Star Trek, for those of you who may not be aware, was the first prime-time science fiction television series to have a regular cast.  Before Trek, you had shows like the Twilight Zone where each episode was a self-contained vignette.  The logistics making a television series with advanced special effects - and make no mistake, the visual effects on the original series were among the most advanced of the time - made airing episodes in a set order impossible. Post- production on Star Trek was so time consuming that there was a real possibility that the show simply couldn’t be made on a weekly basis.  Star Trek was also ruinously expensive, so much so that it would be hard for any level of ratings to make the show worth the expense in terms of the advertising you could sell during the program.  And that’s before several sponsors dropped out due the controversial nature of the show’s treatment of sexism, racism, and other hot-button topics.

What does this have to do with the “scope” of the Star Trek setting?  By itself, not much, but it helps to explain why most of the aliens look human, and most of the planets look the same.  You see, my dear RocketFans, for all that Star Trek is meant to be set in a vast galaxy with a huge Federation, the scope of the franchise is surprisingly narrow.

Naturally, a lot of criticism has been leveled at Trek and other SF shows and movies for showing us so many so-called “rubber-forehead” aliens who otherwise appear and act human.  The whole “planet of hats” phenomenon is another example of narrow scope.  In order to disguise the re-used sets and props that television production made necessary, most of the “strange new worlds” visited by the intrepid crew of Enterprise were made unique and easily recognizable by making everyone and everything on said planet an example of an easily recognized cliche.  I mean, do you remember the planet Sigma Iota II?  How about the planet of gangsters from “A Piece of the Action”?  They’re one and the same.
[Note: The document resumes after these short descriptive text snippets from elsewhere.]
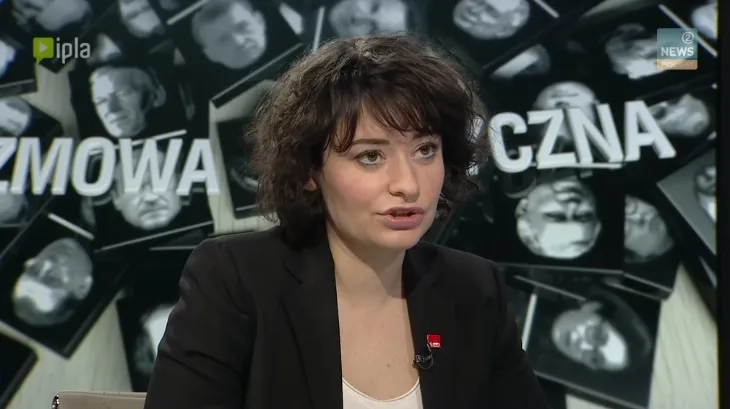 Kobieta w czarnej marynarce z mikrofonem przypiętym do klapy rozmawia w studiu telewizyjnym, a za nią widoczna jest graficzna plansza programu.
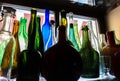 Colored empty bottles are on the windowsill Royalty Free Stock Photo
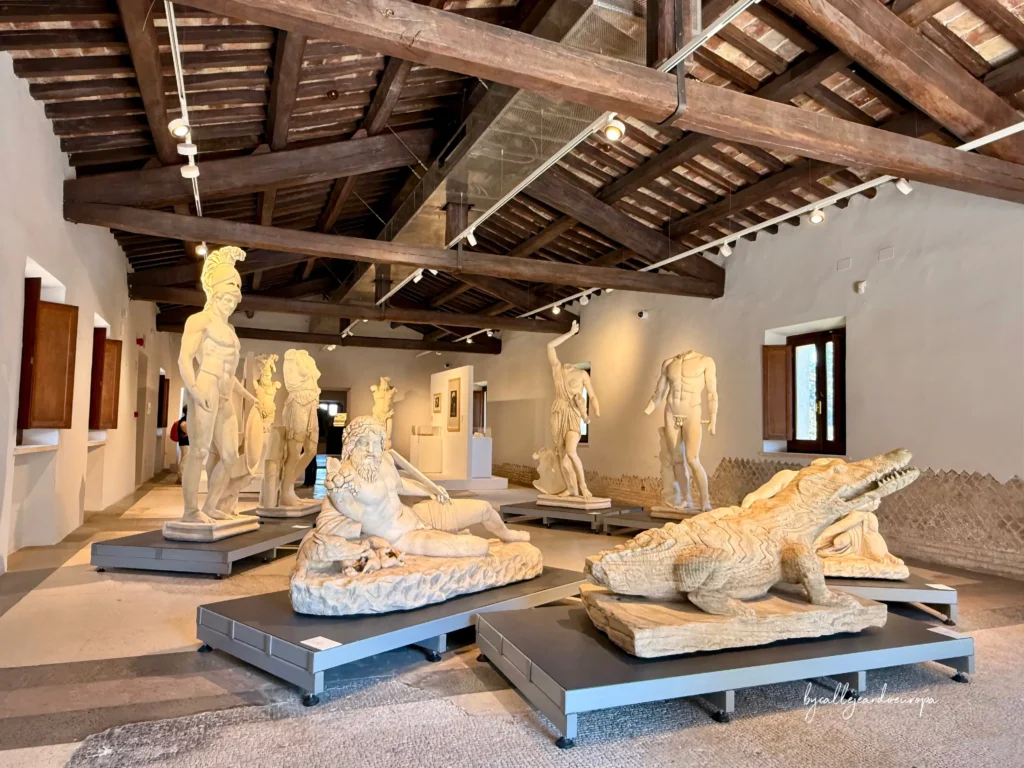Sala del museo Antiquarium de Villa Adriana con estatuas clásicas de mármol y un cocodrilo esculpido bajo un techo de vigas de madera.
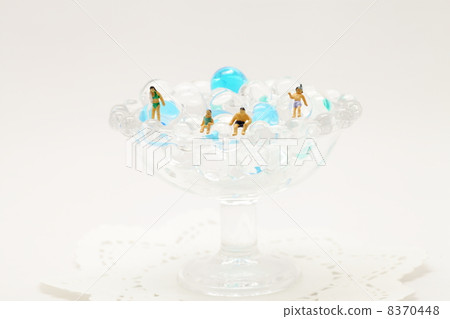 Swimming at the beach at the glass Swimming at the beach at the glass 8370448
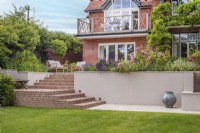View of brick steps and white rendered retaining wall leading up to raised terrace and house with mixed borders and furniture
Besides mono-cultures and human looking aliens, Star Trek used - and help codify - the trope of technology doing whatever the plot required.  Nowhere was this more apparent than speed of a starship at warp and the speed of interstellar communication.  While the Starfleet’s supporting government, the United Federation of Planets, was meant to be an enormous collection stars covering a vast swath of the galaxy.  In practice it wasn’t all that big.  I won’t go into the reasons why - that ground has been covered extensively and by better scholars than I.  But sufficed to say, a science fiction setting may often say that it’s vast and epic in scope, but in practice focus on a handful of planets and alien species.  Just look at Star Wars - galaxy-wide Republic/Empire, yet everything seems to happen on Tatooine…

So, let’s put a little thought in how big a universe we actually need to tell Star Trek stories, in terms of travel times, communication times, and number of worlds we can make contact with, and “evil empires of space-commies” lurking in the shadows of space.
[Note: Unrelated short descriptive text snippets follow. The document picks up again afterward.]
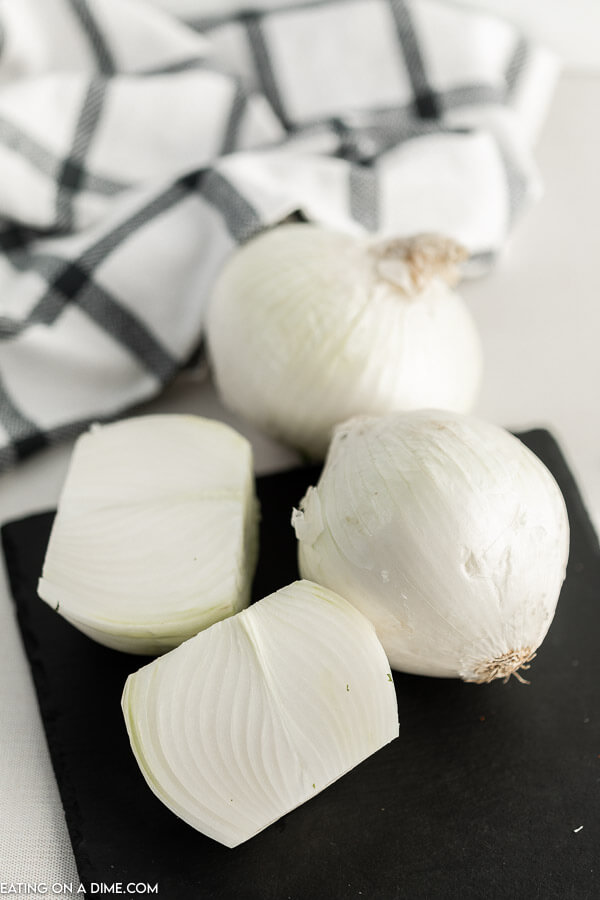 Close up image of whole onions on a cutting board.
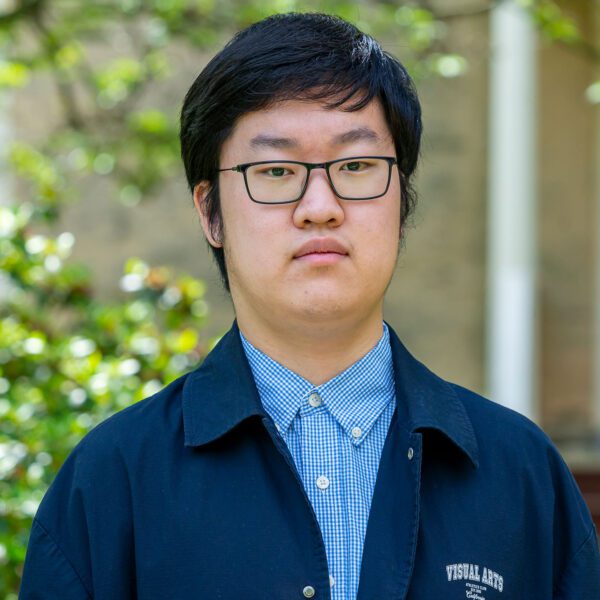 Jian Wei wears a blue shirt and navy jacket in a portrait taken against one of Haverford's historic buildings.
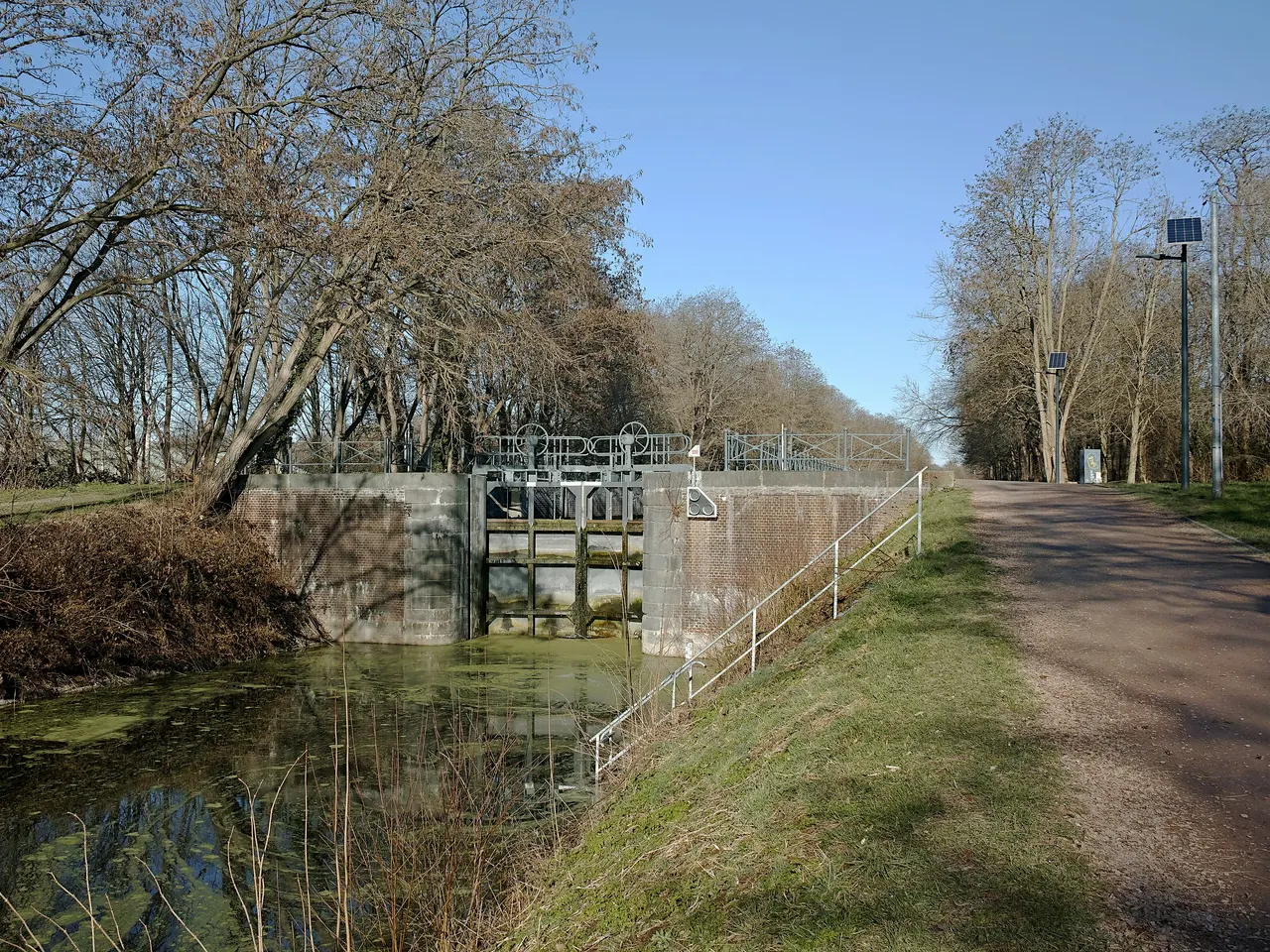 L’écluse du Noir Bonnet à Wasquehal, ses portes et ses murs de briques au bord d’un canal, à côté d’un chemin bordé d’arbres en hiver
  • A multi-word government that sponsors our protagonists. While arguments have been made that such a government would be communist in practice, its leaders are democratically elected.  It is idealistic to the point of being Utopian, depending on what generation you prefer. In any case, it would be multicultural, tolerant, and egalitarian.   An important point is that it this government be supported by an economic system that eliminates or vastly reduces poverty, and a technological base that eliminates or vastly reduces mortality from accident and disease.

  • The setting needs to be home to several alien species of intelligent life,  while a couple can be starfish aliens or hyper-intelligent shade of blue, most should be close enough to humans that interbreeding is possible under certain circumstances.  Many will live in mono-cultural societies.  Often on single biome planets.
Can you hear me now?

  • The setting needs to be big enough that our hero ship is the only one in the area, far from assistance.  They need to be able to communicate with Command, but have such communication be delayed and/or delivered in messages, not real-time.  Civilization should oftentimes seem to be no more than a radio channel.

  • The setting should have many - several dozen in fact - settlements on the frontier that are a) isolated colonies, b) frontier forts, c) un-contacted aliens, or d) home to elder gods and/or ancient aliens.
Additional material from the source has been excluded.